New expert services for Servicing Oversight and Portfolio/Asset Management. Learn More.

Body Shots – Retail Leaders May 2011

We had such a favorable response to the boxing title last newsletter that we’re sticking with it today. And judging by May’s endorsement total, we may exhaust our limited stock of punchy phrases before we pick ourselves up off the mat.

May HECM endorsements came in at 5,188, down -15.3% from April but up 13.9% from last year. This is the second lowest level since December 2005, with only the recent trough of May 2010 registering a lower total. At this point the only question that seems fair is the same one we’re all asking of home prices: will there be a double dip?
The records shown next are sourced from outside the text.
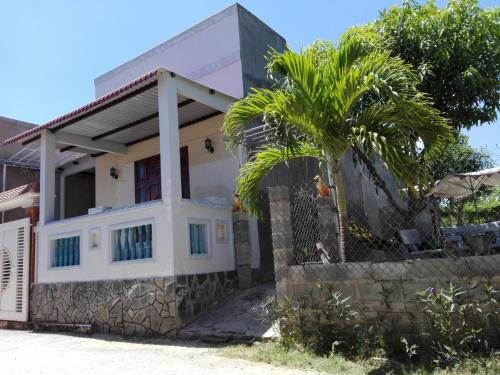 a house with a palm tree in front of it at The House 17/1 in Mui Ne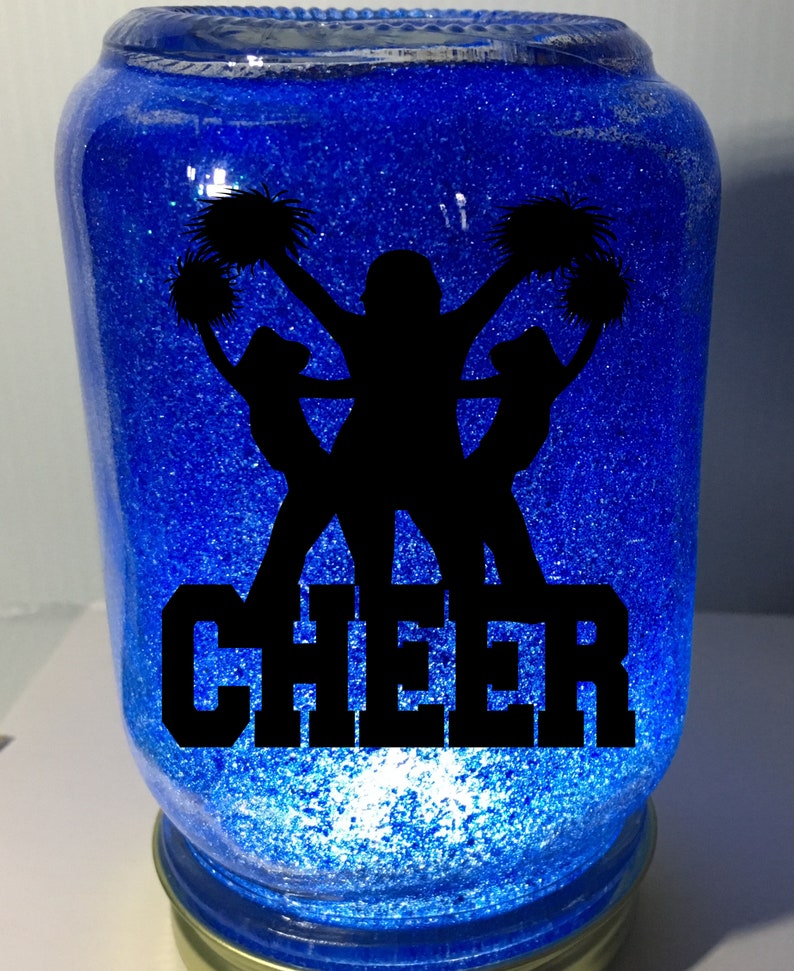 Pu&ograve; includere: Un barattolo di vetro blu con glitter e una silhouette nera di cheerleader con pompon. La parola "CHEER" &egrave; scritta in lettere nere sotto le cheerleader.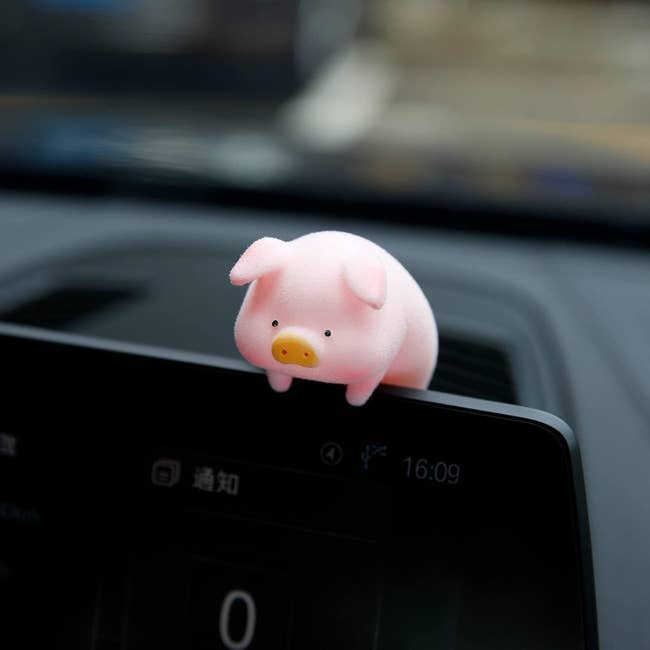 a small pink pig hanging over the lip of a car monitor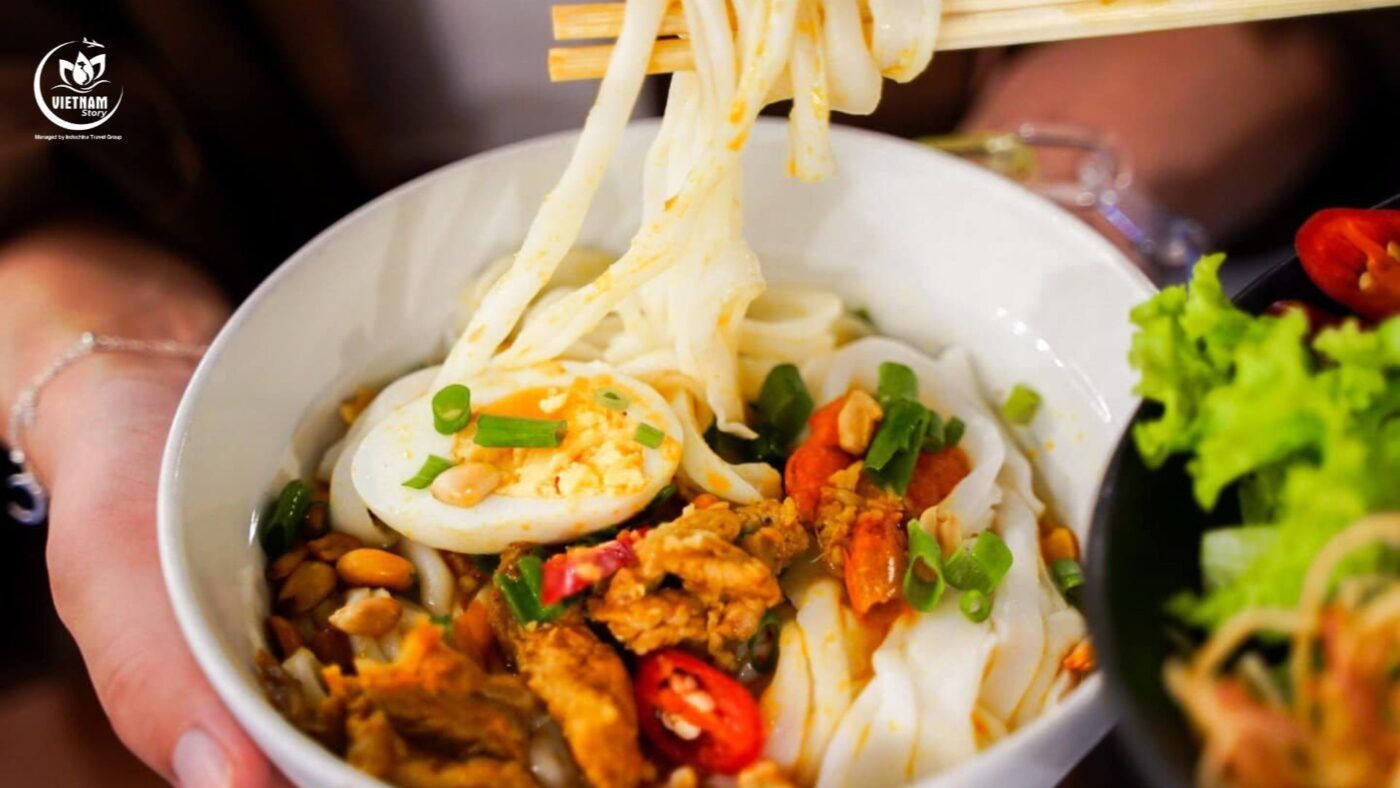A bowl of Mi Quang noodles, a specialty dish featured in the Da Nang travel guide for Indians. A bowl of Mi Quang noodles, a specialty dish featured in the Da Nang travel guide for Indians.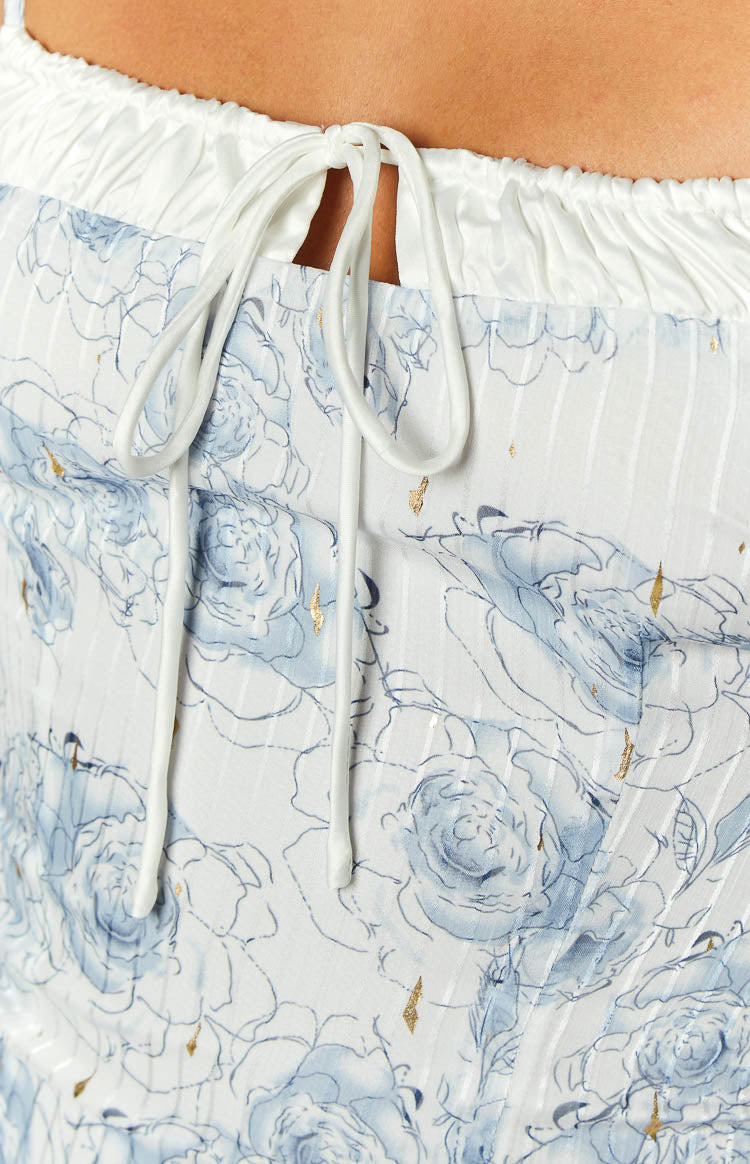 Close-up of the white drawstring detail and ruched band on a blue floral mini dress with gold foil accents
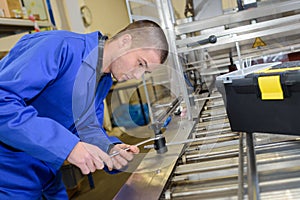 Apprentice mechanic working at factory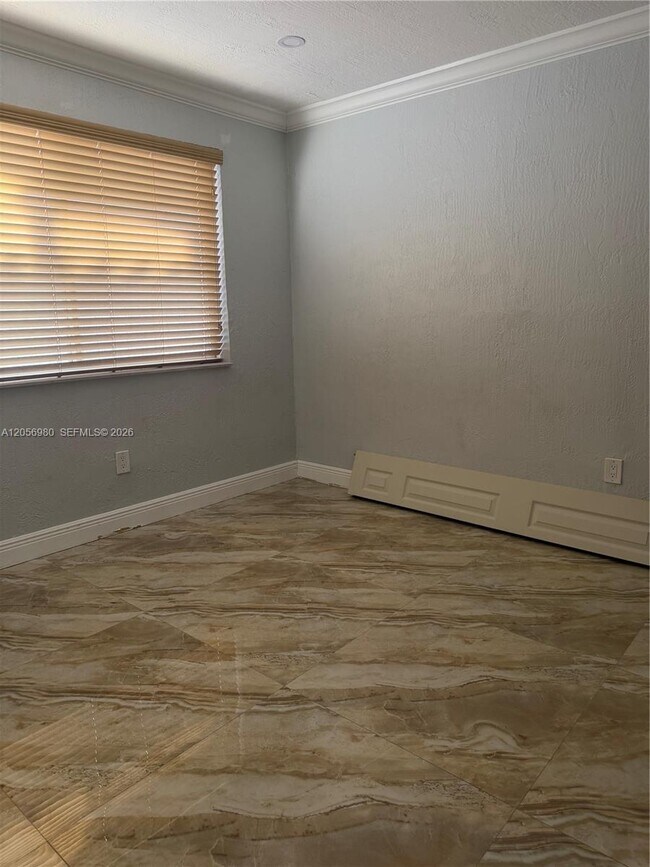 Building Photo - 240 Tamiami Canal Rd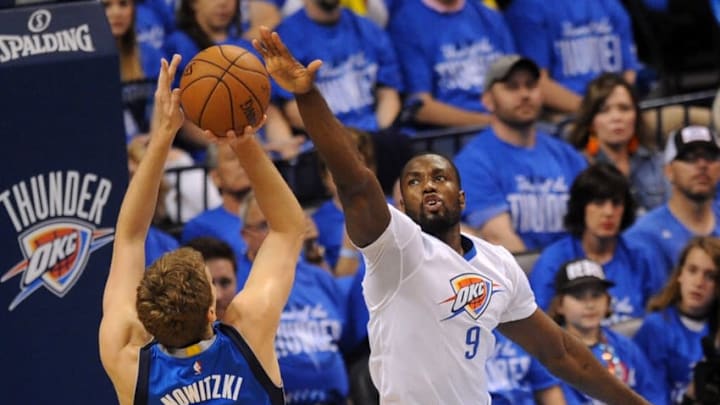 Apr 25, 2016; Oklahoma City, OK, USA; Dallas Mavericks forward Dirk Nowitzki (41) shoots the ball over Oklahoma City Thunder forward Serge Ibaka (9) during the first quarter in game five of the first round of the NBA Playoffs at Chesapeake Energy Arena. Mandatory Credit: Mark D. Smith-USA TODAY Sports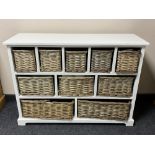 A contemporary unit fitted with ten wicker baskets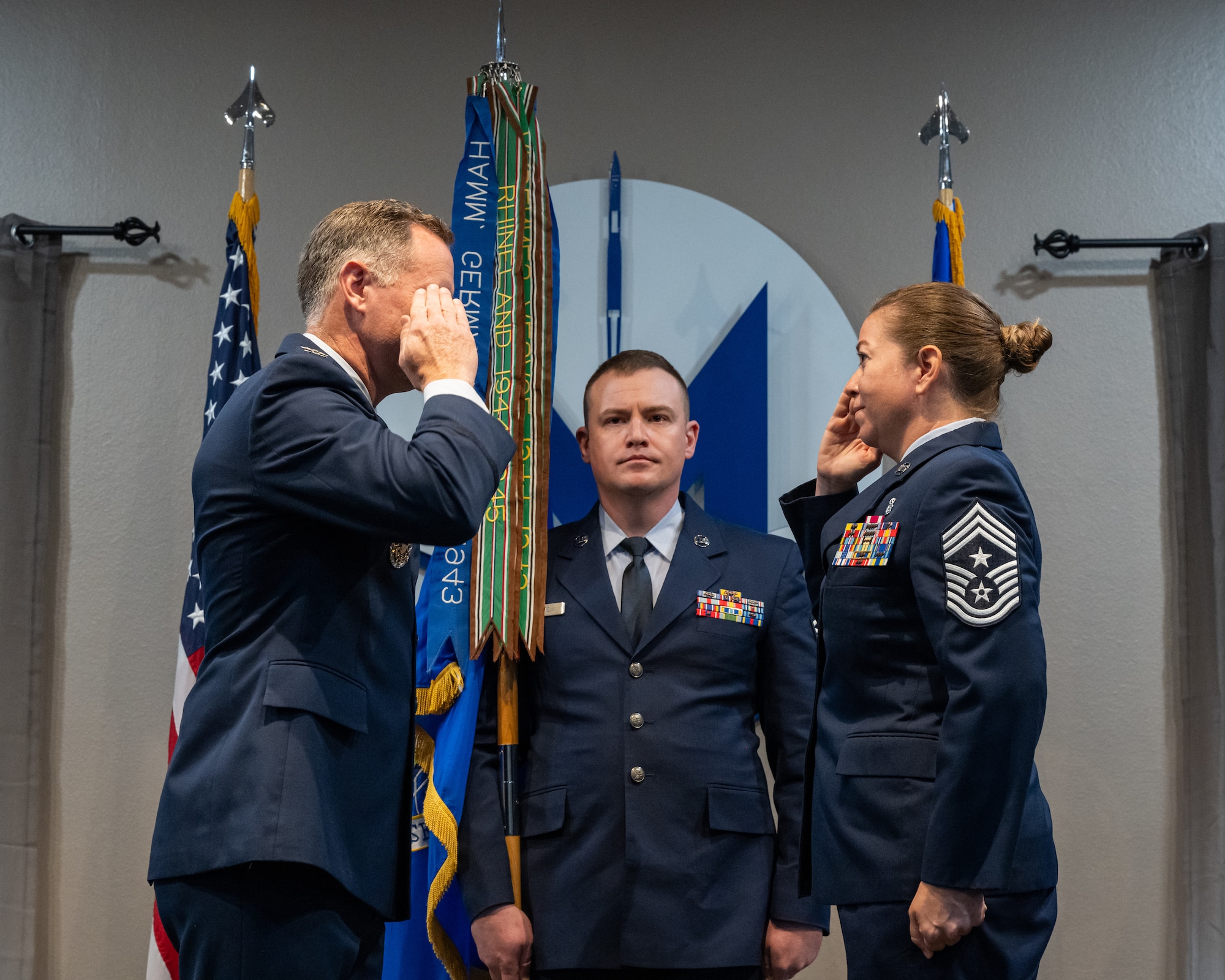 U.S. Air Force Chief Master Sgt. Becky Thomas, 91st Missile Wing command chief (right), salutes U.S. Air Force Col. James Schlabach, 91st Missile Wing commander (left), during an assumption of responsibility ceremony at Minot Air Force Base, North Dakota, July 19, 2024. In her role as command chief of the 91st Missile Wing, Thomas will serve as the primary advisor to Schlabach on matters relating to the readiness, professional development, welfare, discipline and quality of life for Airmen assigned to the 91st Missile Wing. (U.S. Air Force photo by Senior Airman Kyle Wilson)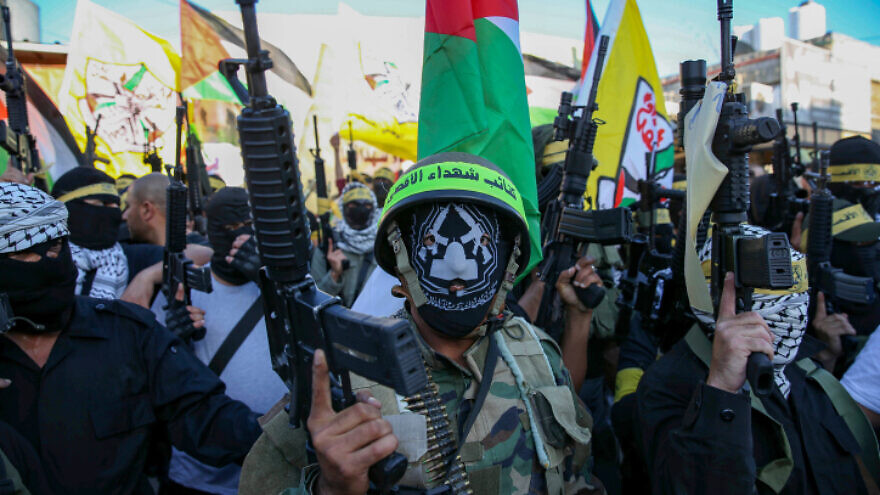 Members of Fatah's Al-Aqsa Martyrs Brigades terrorist organization rally in support of Palestinian Authority head Mahmoud Abbas near Hebron, June 27, 2021. Photo by Wissam Hashlamoun/Flash90.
Endorsement volumes are pointing downward again for the past two months, showing an eerie resemblance to the trend-line last year at this same time. We could draw a line through the dots and end up with nothing before Thanksgiving, which is downright scary.

That said, we need to look at application volumes (HECM case numbers issued to be specific) to really see whether our market is going to zero like a bad dotcom bubble stock.

The trend here is much more encouraging, although not without its challenges. We’ve been averaging just over 7,000 since October, but April’s total of 7,371 was the lowest over that 7 month period. Two key questions arise here, which we can deal with in turn.

Question 1: What does the application trend look like if we remove seasonal factors? We look at the application per business day trend year over year for this analysis, as it removes differences in business days and usually holidays (Easter is an exception falling in March and April, but was in April both this year and last).

The chart makes it more clear that much of the April decline in applications was due to fewer business days compared to March (21 vs. 24), although it also illustrates that we saw our first year over year decline in applications in the last 7 months. So while it’s probably safe to say we’re not going to fall off the bottom of the graph (at least this year), it does signal business plateauing at a low level, probably due at least in part to the exit of Bank of America and Financial Freedom.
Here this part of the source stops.